The term AI (artificial intelligence) Has become one of the most searched for terms in Google searches globally over the past 12 months. This general increase in interest in AI can be traced back to January this year when Microsoft announced a $10bn investment in to ChatGPT, a tool that allows us to have human-like conversations with a ‘chatbot’.
In reality, companies have been using technological advances over the past 50 years to improve the products and services they offer as well as streamline their processes. In our view, however, the progress being made in generative AI could well have an impact on our behaviours as individuals and companies alike on a scale not experienced since the mass adoption of the internet in preceding decades.
At Tacit our thinking on the potential uses and the consequential impact of AI is evolving, and we consider that anybody who professes that they know how the progress in AI will impact economies, companies, and individuals in the short, medium and long term with any certainty is foolhardy. There are many variables to how this technology will develop and will be used. For example, companies could use AI to reduce workforces or to increase the productivity of current employees, and either strategy would aim to enhance profitability.
Artificial Intelligence may have both inflationary and deflationary effects on the economy. We know from the Industrial Revolution that while total wealth might increase, industrial and technological change creates winners and losers.

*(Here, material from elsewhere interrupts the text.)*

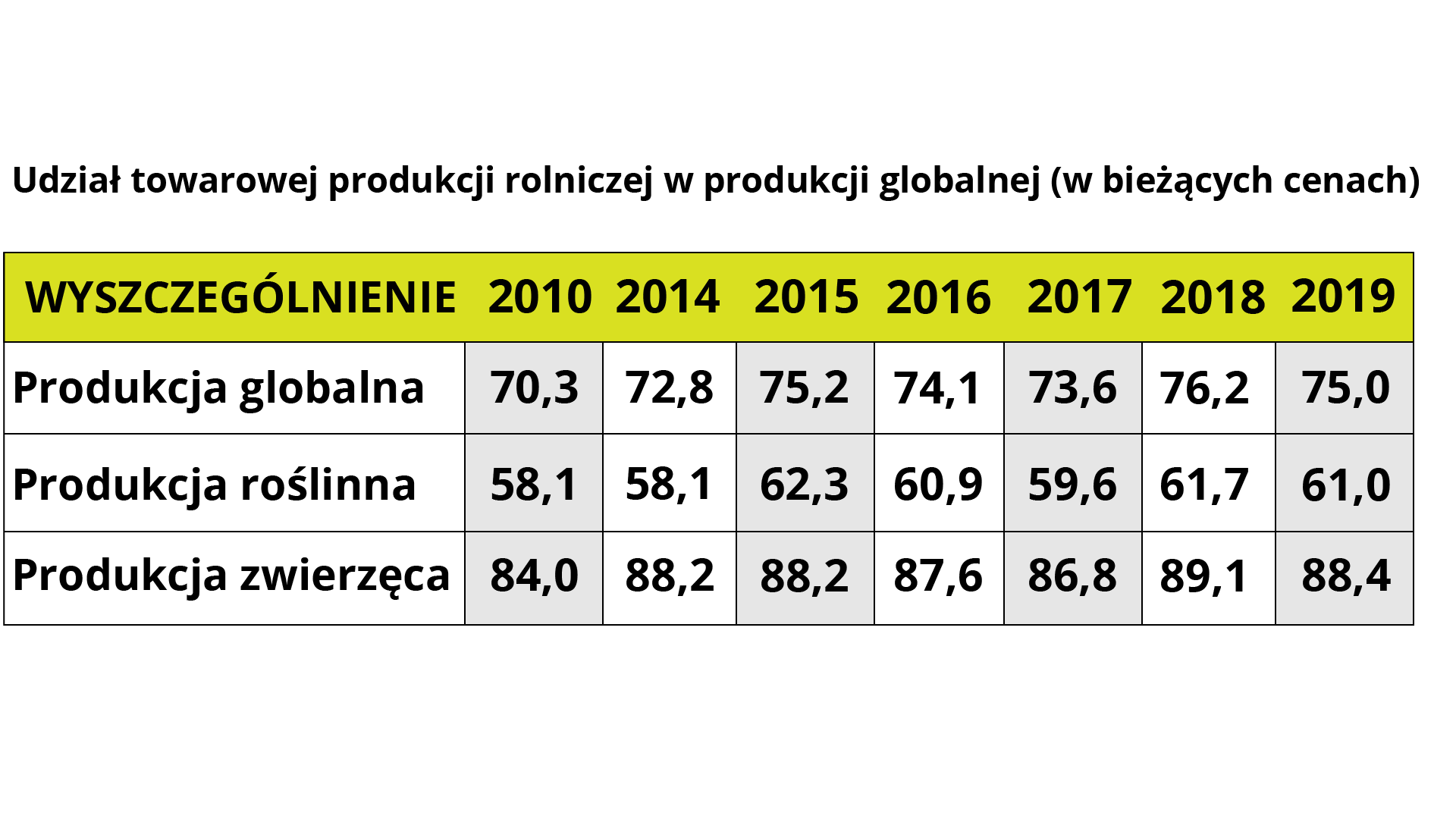 Tabela przedstawia udział w towarowej produkcji rolniczej w produkcji globalnej w bieżących cenach. Wskazano dane w roku 2010 i w latach 2014-2019. W roku 2010 produkcja globalna 70,3, produkcja roślinna 58,1, produkcja zwierzęca 84.  W roku 2014 produkcja globalna 72,8, produkcja roślinna 58,1, produkcja zwierzęca 88,2.  W 2015 roku produkcja globalna 75,2, produkcja roślinna 62,3, produkcja zwierzęca 88,2. W 2016 roku produkcja globalna 74,1, produkcja roślinna 60,9, produkcja zwierzęca 87,6. W 2017 roku produkcja globalna 73,6, produkcja roślinna 59,6, produkcja zwierzęca 86,8.  W 2018 roku produkcja globalna 76,2, produkcja roślinna 61,7, produkcja zwierzęca 89,1.  W 2019 roku produkcja globalna 75, produkcja roślinna 61, produkcja zwierzęca 88,4.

What about the impact on the future price level, the rate of inflation? Currently the major economic problem facing us. Commentary to date has focussed on the deflationary impact of the emergence of AI. Deflationary effects could include:
Labour Displacement: AI and automation can lead to job displacement in certain industries. When tasks that were previously performed by humans are automated, it can reduce the demand for human labour, leading to unemployment or underemployment, which can contribute to deflationary pressures.
Reduced Costs: AI can lead to cost reductions in various industries by streamlining processes, optimizing supply chains, and improving efficiency. This can lead to lower prices for goods and services, contributing to deflationary pressures.
Productivity Increases: AI can enhance productivity by enabling faster and more accurate decision-making and data analysis. This increased productivity can lead to more output without a corresponding increase in labour, potentially contributing to deflation.
On the other hand, inflationary effects cannot be discounted and include:
New opportunities: While AI might displace some jobs, it can also create new opportunities in AI development, maintenance, and related fields. The demand for skilled AI professionals could lead to higher wages and increased consumer spending, contributing to inflation.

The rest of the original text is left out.